ASSIGNMENT -> Where a line below carries the word "Ford", include it in the count, then give the count alone.

Extracted data entries:
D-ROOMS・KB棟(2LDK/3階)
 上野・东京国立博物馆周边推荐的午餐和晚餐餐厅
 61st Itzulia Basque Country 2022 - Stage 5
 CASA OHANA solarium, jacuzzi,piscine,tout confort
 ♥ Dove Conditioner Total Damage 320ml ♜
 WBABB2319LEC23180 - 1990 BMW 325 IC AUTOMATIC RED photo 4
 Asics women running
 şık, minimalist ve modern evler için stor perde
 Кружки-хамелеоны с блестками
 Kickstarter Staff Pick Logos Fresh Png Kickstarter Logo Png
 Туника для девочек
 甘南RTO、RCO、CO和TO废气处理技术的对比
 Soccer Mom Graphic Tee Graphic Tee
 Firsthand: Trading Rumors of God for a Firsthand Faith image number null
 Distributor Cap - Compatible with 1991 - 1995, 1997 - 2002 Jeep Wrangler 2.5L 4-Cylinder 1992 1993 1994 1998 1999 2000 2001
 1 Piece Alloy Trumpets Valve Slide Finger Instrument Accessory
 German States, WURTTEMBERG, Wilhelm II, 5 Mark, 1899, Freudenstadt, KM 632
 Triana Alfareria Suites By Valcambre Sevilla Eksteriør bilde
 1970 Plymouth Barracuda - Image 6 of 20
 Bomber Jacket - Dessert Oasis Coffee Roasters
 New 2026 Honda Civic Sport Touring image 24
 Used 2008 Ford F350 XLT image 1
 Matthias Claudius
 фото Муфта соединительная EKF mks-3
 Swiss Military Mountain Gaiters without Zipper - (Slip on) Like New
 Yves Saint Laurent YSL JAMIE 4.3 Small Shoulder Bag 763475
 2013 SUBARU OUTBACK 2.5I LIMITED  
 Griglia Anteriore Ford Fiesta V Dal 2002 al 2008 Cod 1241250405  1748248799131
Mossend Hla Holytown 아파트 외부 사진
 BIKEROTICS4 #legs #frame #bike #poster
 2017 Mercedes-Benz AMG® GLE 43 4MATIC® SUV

SOLUTION TO THE EXERCISE -> 2